Southern African Bishops seek clarification of child abuse law

 The Southern African Catholic Bishops' Conference (SACBC) has appealed to its government to clarify the law on reporting child abuse. In an open letter to all Catholics in the country, the Bishops emphasised that they regard child abuse as a criminal act which damages and destroys the promise of a young life stating that everyone had a duty to report such abuse wherever it might occur. "The welfare of the child comes first, not the interest of the perpetrator; however the law itself is not altogether clear in what circumstances the report has to be given, or by whom.

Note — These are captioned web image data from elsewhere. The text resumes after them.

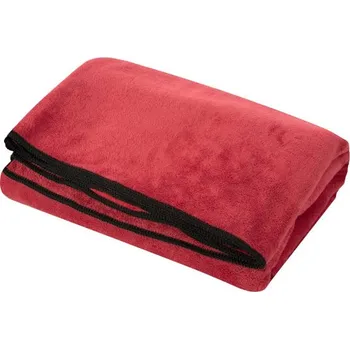 Vánoční ozdoba Sada ručníků IGA červená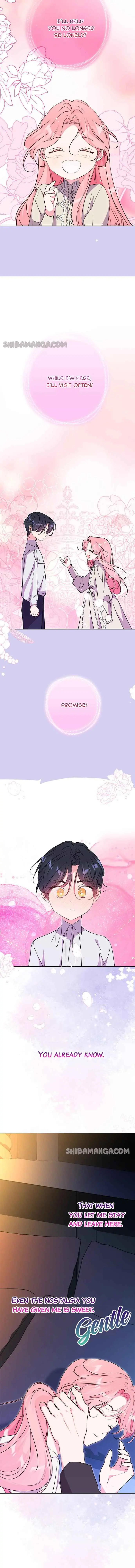 My Husband Changes Every Night Chapter 41 Page 5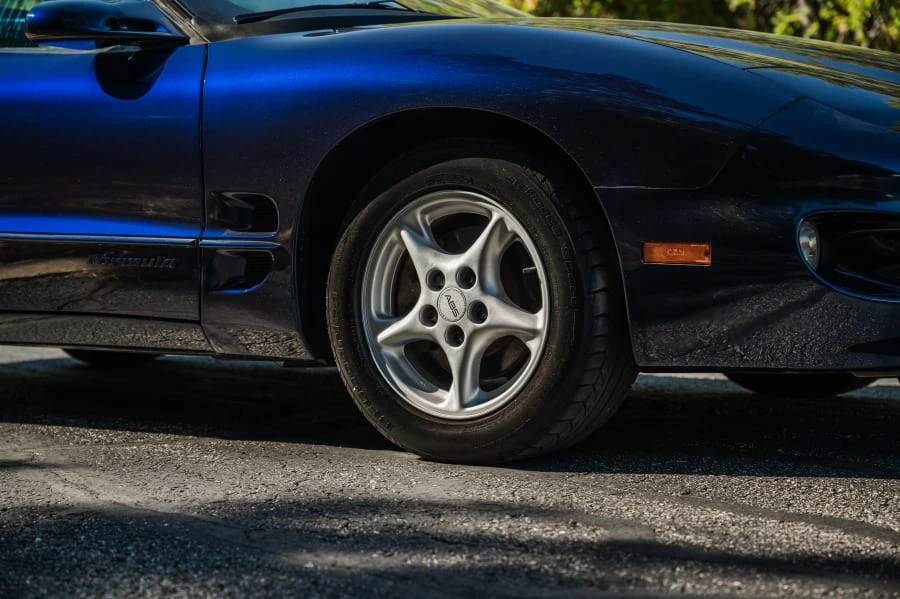 1999 Pontiac Firebird 4th Gen - Image 28 of 31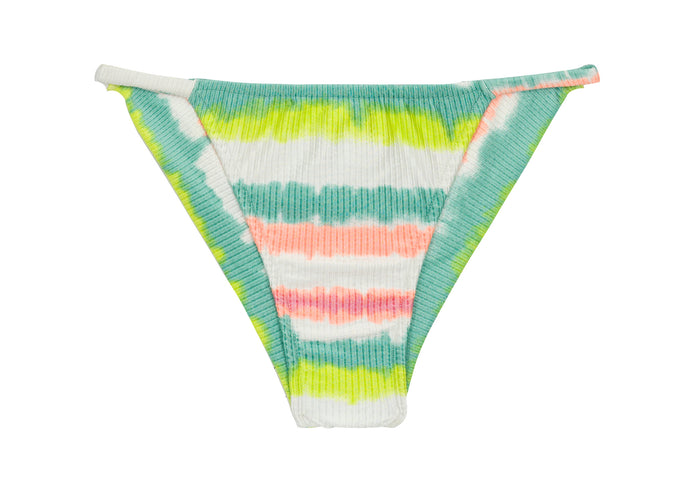 Product Front: Rio De Sol Slip Bottom Revelry Cheeky-Fixa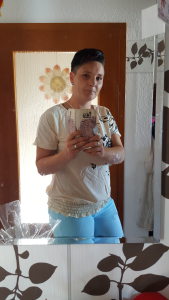 Profilbild von Frances Lontzek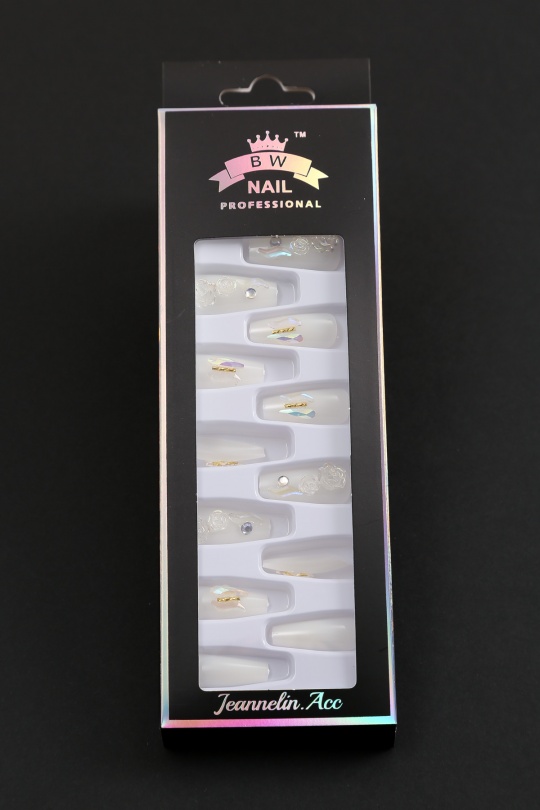 Accessoires maquillage Femme Multicouleur Better Way FO-205 Efashion Paris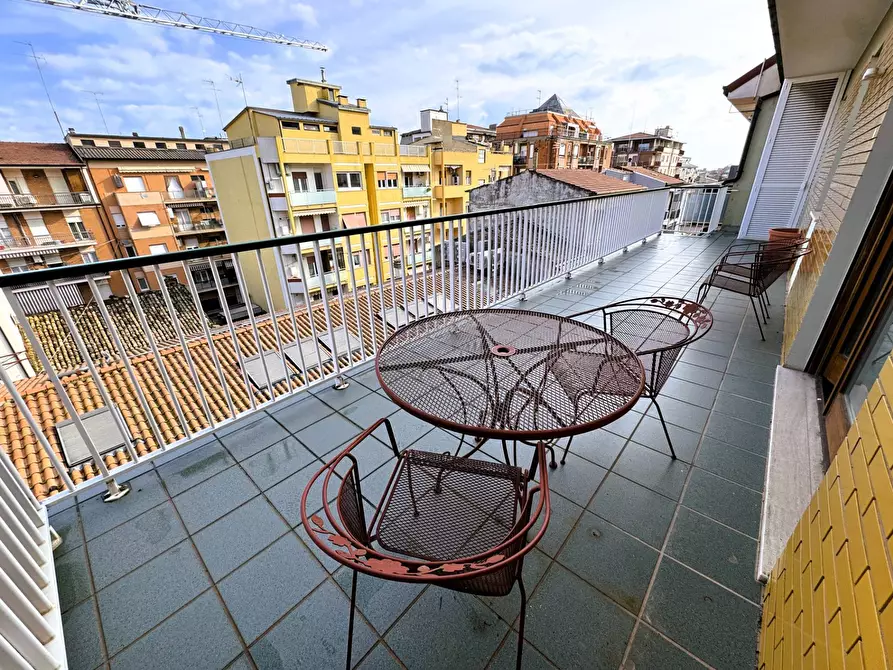 Immagine 22 di Appartamento in vendita  3 a Porto San Giorgio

We have appealed to the Government to clarify the situation". In its letter the SACBC also questioned the media's role in what it called society's schizophrenic attitude toward sex stating that in its view the media had a duty to expose the conditions in society which encourage "evils such as child abuse." The letter continued: "Our Deputy President, Jacob Zuma told us at the Launch of the Moral Regeneration Movement in Pretoria on April 18, 2002 that we should find ways to 'deal with perversions such as child pornography'. This is a challenge which we all need to take on for the betterment of our society". The Church in southern Africa operates an internal Protocol which demands that in a case where anyone from church personnel is accused of child abuse, it has to be reported without delay to a specially appointed contact person in each diocese. That person is then charged with the task of pursuing the case according to procedures laid out in the Protocol. This practice has been criticised by the media for its lack of public accountability.